Man: I can't figure out what is wrong with my code. Dilbert: Try rubber ducking it. Man: What? Dilbert: Rubber ducking is when you solve your coding problem by explaining it to a toy rubber duck. When you explain a problem to someone else, it forces you to look at it from new angles. Man: I can't tell if that is a brilliant idea or a practical joke. Dilbert: Ask your boss. Man: Okay, is rubber ducking a brilliant idea or a practical joke. Boss: It's a brilliant idea. I get most of my management ideas by talking to an imaginary rhesus monkey. Dilbert: I think you muddied the waters there a little bit.
Dilbert: There's a rumor that you plan to replace all normal employees with cyborgs that have microchips in their brains. Boss: There is no truth to the rumor that I plan to replace defective employees with highly capable, enhanced humanoids. Dilbert: I can't tell if you're lying. Boss: That's actually the best argument for keeping you around.
Boss: I'm putting Randy on your project. He has a microchip embedded in his brain. So ignore whatever your inferior brain tells you to do and just listen to Randy. Dilbert: Doesn't that make me dispensable? Boss: We'll talk about Phase 2 later.
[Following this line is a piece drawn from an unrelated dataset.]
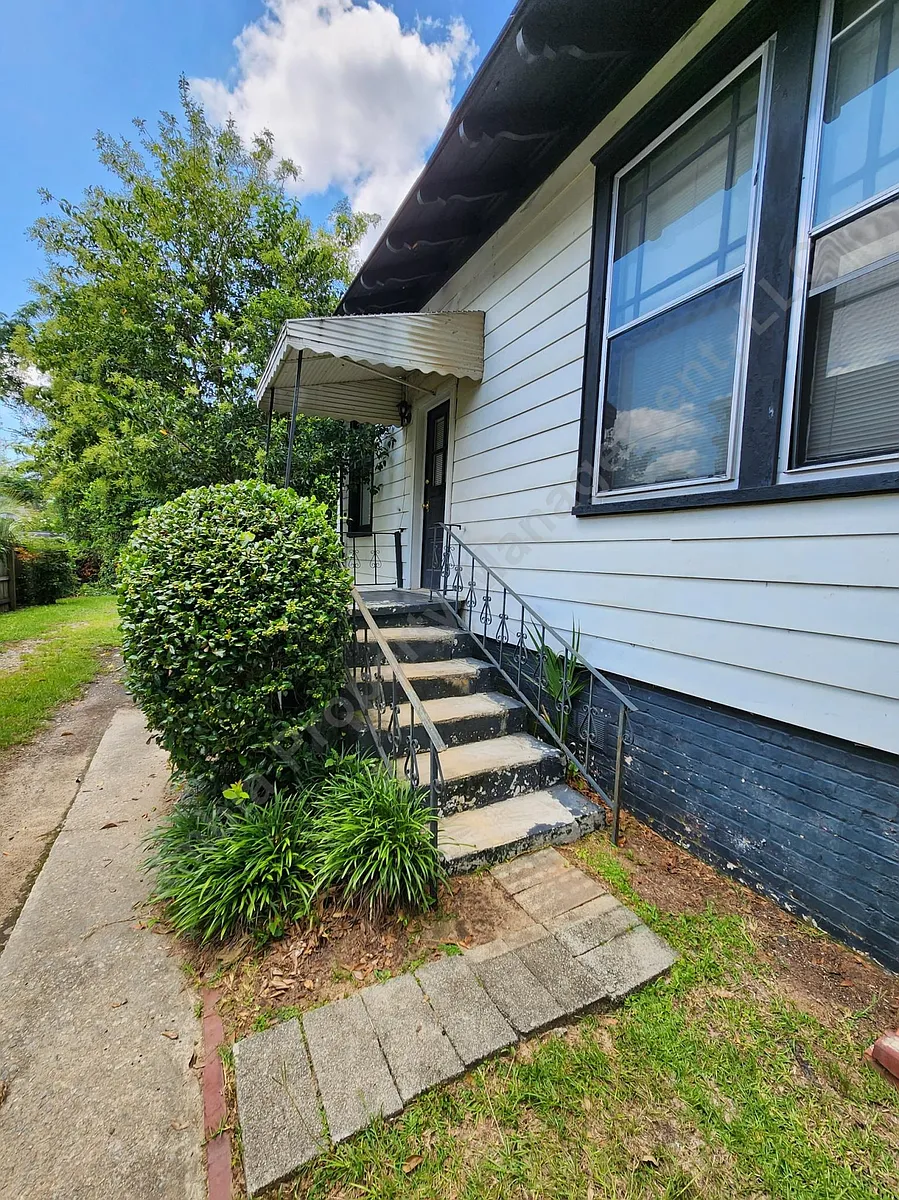 Building Photo - 515 Maple St #C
Boss: Randy is our first employee to have a computer chip embedded in his brain. Randy, please explain to these obsolete employees how awesome you are now. Randy: Wait... I'm updating my software. Alice: Should we kill him while he's vulnerable?
Boss: I invited a climate scientist to explain the risk of climate change to our company. Man: Human activity is warming the earth and will lead to a global catastrophe. Dilbert: How do scientists know that? Man: It's easy. We start with the basic science of physics and chemistry. Then we measure changes in temperature and CO2 over time. We put that data into dozens of different climate models and ignore the ones that look wrong to us. Then we take that output and run it through long-term economic models of the sort that have never been right. Dilbert: What if I don't trust the economic models? Man: Who hired the science denier?